The market trend was mostly cheaper. Weaners sold 20c to 25c cheaper, with steers making from 160c to 251c, as heifers sold from 100c to 165c/kg.
The heavy butcher vealers made from 290c to 297c/kg. Medium weight feeder steers were 15c stronger and heavy weights were firm, making from 240c to 307c/kg.
Feeder heifers averaged 6c cheaper, receiving from 200c to 270c/kg. Heavy trade heifers were close to firm, reaching 270c/kg. Grown steers sold from 247c to 280c/kg.
Cows were back 18c to 25c, with the medium weight 2 score cows making from 122c to 173c, as the heavy 3 and 4 scores sold from 175c to 208c/kg. The 4 score cows averaged 204c/kg.
Lamb numbers fell on Tuesday, with a yarding of 29,050, and the quality was good with plenty of supplementary feed trade and heavy lambs offered.

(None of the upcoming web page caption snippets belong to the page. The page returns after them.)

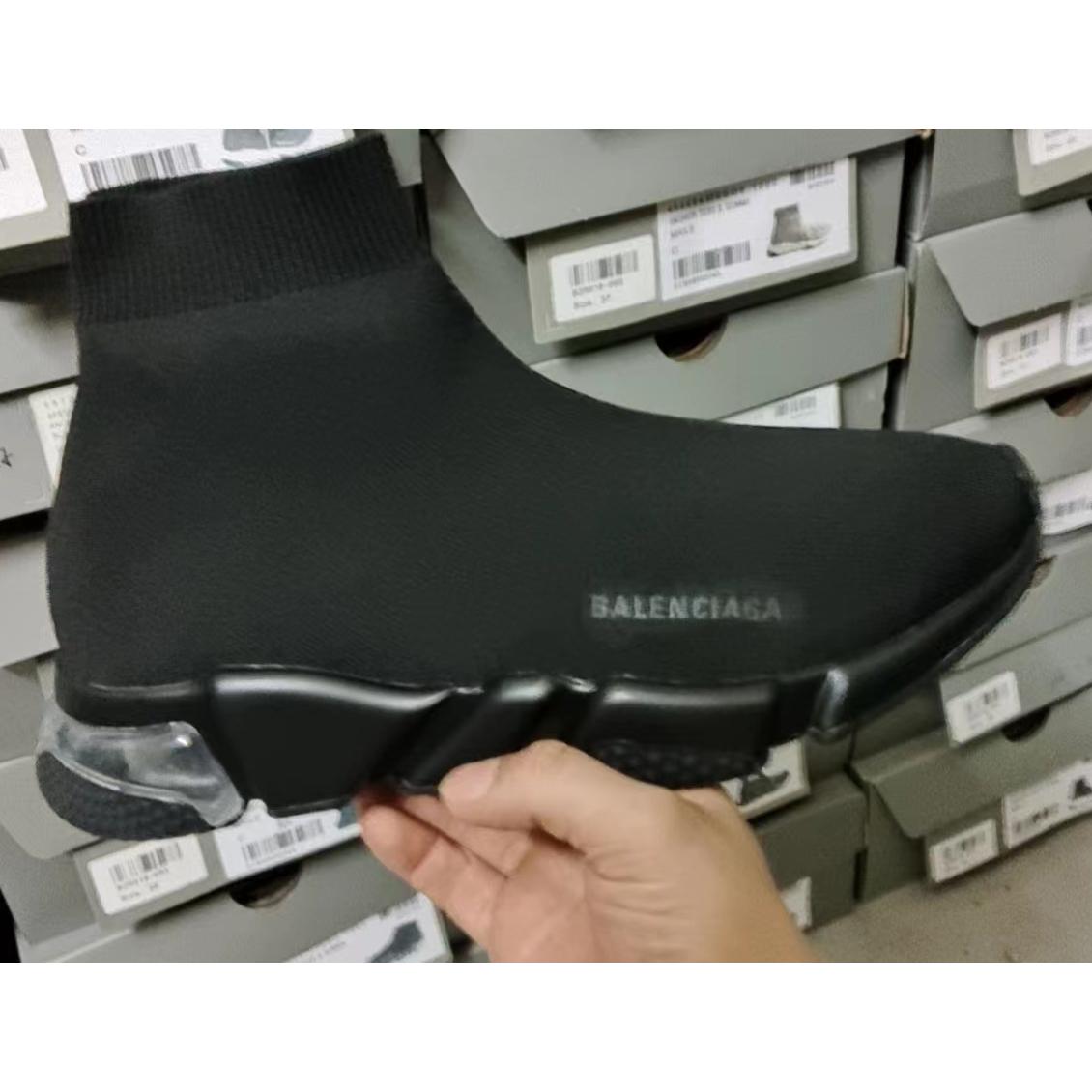 Balenciaga Speed Clear Sole Sneaker In Black Recycled Knit - DesignerGu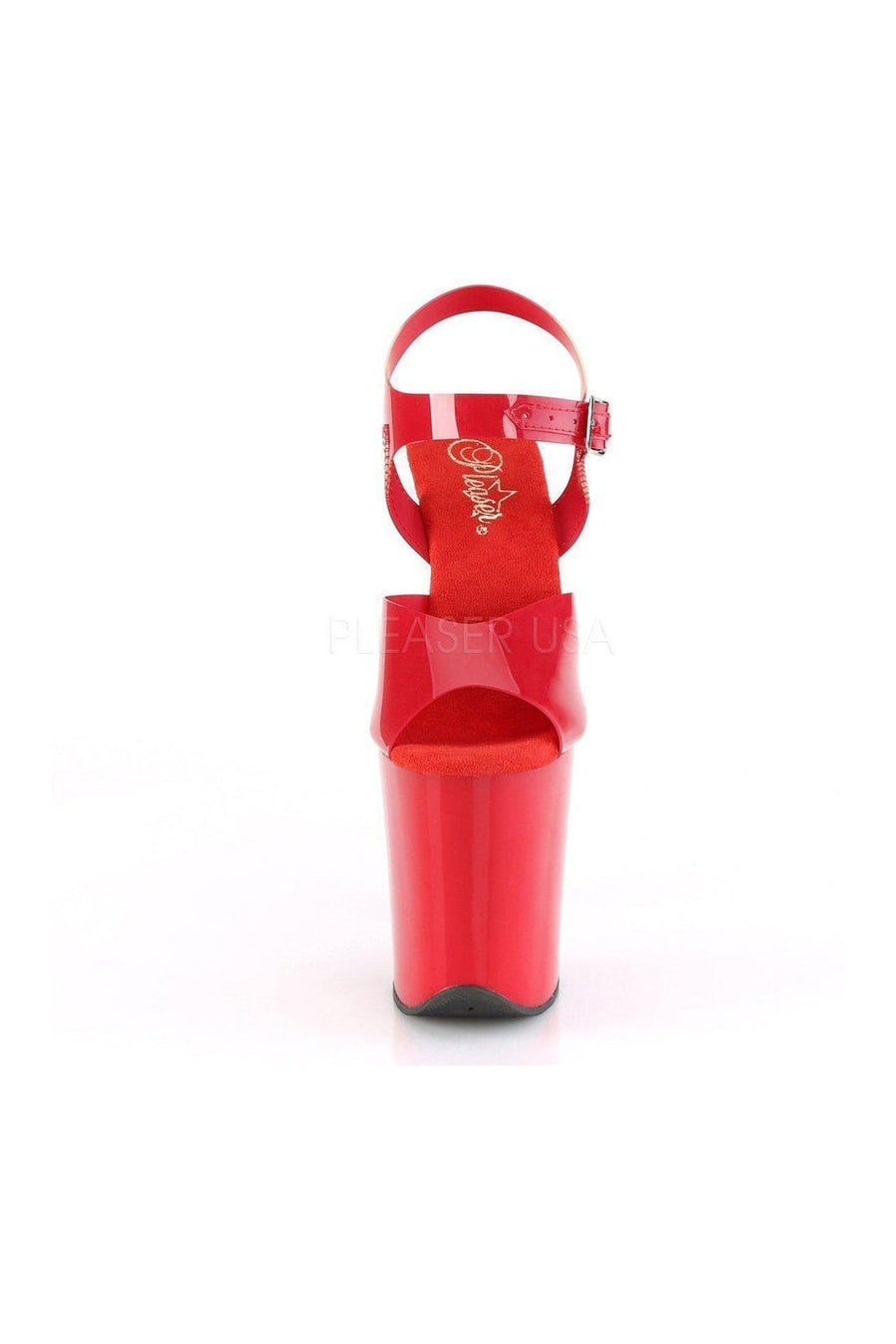 Pleaser FLAMINGO-808N Platform Sandal in Red Faux Leather
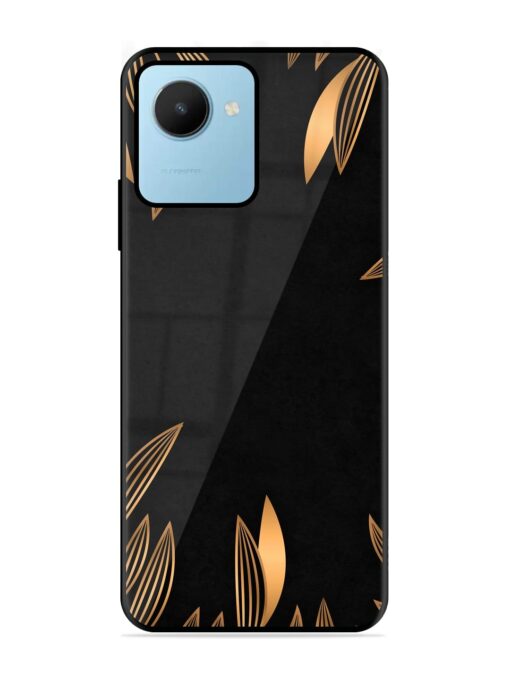 Golden Leaf Pattern Glossy Metal Phone Cover for Realme C30S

Light lambs were back in numbers and there was reasonable numbers of Merino trade weights. All the usual buyers were operating.
Light spit lambs were $8 dearer and sold from $124 to $138/head. Restockers paid to $149/head for lambs to feed on.
Trade lambs were firm with the 18kg to 22kg lambs $144 to $173, the 22kg to 24kg lambs $166 to $184/head, averaging 735c to 760c/kg cwt.
Heavy lambs 24 to 26kg made from $170 to $190 averaging 700c and extra heavy lambs sold from $185 to $235/head or 645c to 680c/kg cwt. Merino trade weights sold from $129 to $175/head.
Mutton numbers lifted and the quality was fair to good. Prices sold to a cheaper trend of $9 to $11/head.